Stored dataset items:
────────

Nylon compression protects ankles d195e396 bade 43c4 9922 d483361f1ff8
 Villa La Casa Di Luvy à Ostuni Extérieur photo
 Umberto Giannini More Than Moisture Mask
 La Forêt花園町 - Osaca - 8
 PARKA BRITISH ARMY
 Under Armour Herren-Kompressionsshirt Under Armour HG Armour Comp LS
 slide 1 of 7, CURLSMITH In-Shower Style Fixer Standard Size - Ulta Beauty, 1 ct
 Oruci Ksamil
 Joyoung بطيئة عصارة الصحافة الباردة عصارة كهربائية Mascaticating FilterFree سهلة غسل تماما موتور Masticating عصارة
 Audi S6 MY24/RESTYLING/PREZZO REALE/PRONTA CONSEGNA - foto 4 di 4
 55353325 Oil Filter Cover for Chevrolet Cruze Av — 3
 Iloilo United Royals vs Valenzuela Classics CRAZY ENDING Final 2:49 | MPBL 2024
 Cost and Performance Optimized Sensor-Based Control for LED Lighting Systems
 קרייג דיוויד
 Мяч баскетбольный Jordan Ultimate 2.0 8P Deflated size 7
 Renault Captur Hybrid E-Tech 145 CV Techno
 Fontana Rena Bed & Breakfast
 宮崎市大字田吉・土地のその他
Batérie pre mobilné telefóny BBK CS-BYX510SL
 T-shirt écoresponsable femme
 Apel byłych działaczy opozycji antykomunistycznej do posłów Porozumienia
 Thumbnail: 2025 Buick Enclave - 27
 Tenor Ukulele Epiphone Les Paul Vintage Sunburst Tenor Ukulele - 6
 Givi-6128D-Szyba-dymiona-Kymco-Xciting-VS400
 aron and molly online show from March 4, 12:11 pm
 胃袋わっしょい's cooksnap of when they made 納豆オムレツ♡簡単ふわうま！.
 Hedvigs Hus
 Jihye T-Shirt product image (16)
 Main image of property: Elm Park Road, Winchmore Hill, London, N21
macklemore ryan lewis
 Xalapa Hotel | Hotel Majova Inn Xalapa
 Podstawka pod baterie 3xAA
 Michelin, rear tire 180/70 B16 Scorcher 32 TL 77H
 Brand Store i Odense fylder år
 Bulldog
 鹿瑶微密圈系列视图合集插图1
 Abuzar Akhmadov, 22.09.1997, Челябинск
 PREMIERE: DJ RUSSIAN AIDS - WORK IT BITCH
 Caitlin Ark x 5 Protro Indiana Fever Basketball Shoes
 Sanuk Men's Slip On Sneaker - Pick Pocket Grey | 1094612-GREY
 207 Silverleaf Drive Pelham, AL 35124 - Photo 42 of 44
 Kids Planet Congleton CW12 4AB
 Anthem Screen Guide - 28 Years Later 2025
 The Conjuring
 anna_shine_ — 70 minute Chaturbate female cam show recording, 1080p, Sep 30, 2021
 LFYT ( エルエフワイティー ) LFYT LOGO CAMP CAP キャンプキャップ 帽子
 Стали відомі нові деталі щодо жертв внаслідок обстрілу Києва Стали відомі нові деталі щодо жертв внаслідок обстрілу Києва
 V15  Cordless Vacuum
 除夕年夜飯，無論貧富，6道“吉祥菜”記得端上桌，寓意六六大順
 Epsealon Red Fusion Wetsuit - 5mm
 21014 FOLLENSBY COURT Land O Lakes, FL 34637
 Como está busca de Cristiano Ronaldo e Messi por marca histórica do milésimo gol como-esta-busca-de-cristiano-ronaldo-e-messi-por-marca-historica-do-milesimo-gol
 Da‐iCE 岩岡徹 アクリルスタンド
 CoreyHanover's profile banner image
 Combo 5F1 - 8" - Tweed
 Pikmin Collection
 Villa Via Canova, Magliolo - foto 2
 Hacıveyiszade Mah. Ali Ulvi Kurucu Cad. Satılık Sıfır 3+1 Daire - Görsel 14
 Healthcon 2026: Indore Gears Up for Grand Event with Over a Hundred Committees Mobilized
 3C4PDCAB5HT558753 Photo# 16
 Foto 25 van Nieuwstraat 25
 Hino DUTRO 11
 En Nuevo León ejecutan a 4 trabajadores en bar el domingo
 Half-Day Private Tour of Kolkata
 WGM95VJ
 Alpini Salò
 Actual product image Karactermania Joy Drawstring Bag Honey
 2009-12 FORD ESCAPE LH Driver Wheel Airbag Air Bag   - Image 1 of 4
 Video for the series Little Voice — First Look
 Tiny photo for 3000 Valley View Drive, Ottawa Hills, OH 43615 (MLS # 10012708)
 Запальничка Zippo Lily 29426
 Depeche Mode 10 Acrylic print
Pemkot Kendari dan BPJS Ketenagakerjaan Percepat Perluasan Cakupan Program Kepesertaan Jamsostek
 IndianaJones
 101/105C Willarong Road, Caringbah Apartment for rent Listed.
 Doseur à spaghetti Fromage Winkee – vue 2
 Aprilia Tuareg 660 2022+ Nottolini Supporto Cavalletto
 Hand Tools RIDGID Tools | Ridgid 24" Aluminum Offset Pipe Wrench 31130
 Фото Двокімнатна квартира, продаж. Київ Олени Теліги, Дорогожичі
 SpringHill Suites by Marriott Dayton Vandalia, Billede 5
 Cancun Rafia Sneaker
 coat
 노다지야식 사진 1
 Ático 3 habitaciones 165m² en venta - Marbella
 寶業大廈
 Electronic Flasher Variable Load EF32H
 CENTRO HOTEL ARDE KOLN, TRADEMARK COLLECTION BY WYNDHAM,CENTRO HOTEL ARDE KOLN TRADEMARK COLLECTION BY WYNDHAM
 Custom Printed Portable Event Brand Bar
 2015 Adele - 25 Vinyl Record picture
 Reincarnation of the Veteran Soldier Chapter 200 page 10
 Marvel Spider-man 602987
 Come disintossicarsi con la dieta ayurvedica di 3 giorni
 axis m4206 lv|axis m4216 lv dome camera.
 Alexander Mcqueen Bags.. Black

────────

> [ACTION ITEM]
Quote exactly the first line of the data and every line after it through the one holding "Thumbnail: 2025 Buick Enclave - 27".

> [EXERCISE RESPONSE]
Nylon compression protects ankles d195e396 bade 43c4 9922 d483361f1ff8
 Villa La Casa Di Luvy à Ostuni Extérieur photo
 Umberto Giannini More Than Moisture Mask
 La Forêt花園町 - Osaca - 8
 PARKA BRITISH ARMY
 Under Armour Herren-Kompressionsshirt Under Armour HG Armour Comp LS
 slide 1 of 7, CURLSMITH In-Shower Style Fixer Standard Size - Ulta Beauty, 1 ct
 Oruci Ksamil
 Joyoung بطيئة عصارة الصحافة الباردة عصارة كهربائية Mascaticating FilterFree سهلة غسل تماما موتور Masticating عصارة
 Audi S6 MY24/RESTYLING/PREZZO REALE/PRONTA CONSEGNA - foto 4 di 4
 55353325 Oil Filter Cover for Chevrolet Cruze Av — 3
 Iloilo United Royals vs Valenzuela Classics CRAZY ENDING Final 2:49 | MPBL 2024
 Cost and Performance Optimized Sensor-Based Control for LED Lighting Systems
 קרייג דיוויד
 Мяч баскетбольный Jordan Ultimate 2.0 8P Deflated size 7
 Renault Captur Hybrid E-Tech 145 CV Techno
 Fontana Rena Bed & Breakfast
 宮崎市大字田吉・土地のその他
Batérie pre mobilné telefóny BBK CS-BYX510SL
 T-shirt écoresponsable femme
 Apel byłych działaczy opozycji antykomunistycznej do posłów Porozumienia
 Thumbnail: 2025 Buick Enclave - 27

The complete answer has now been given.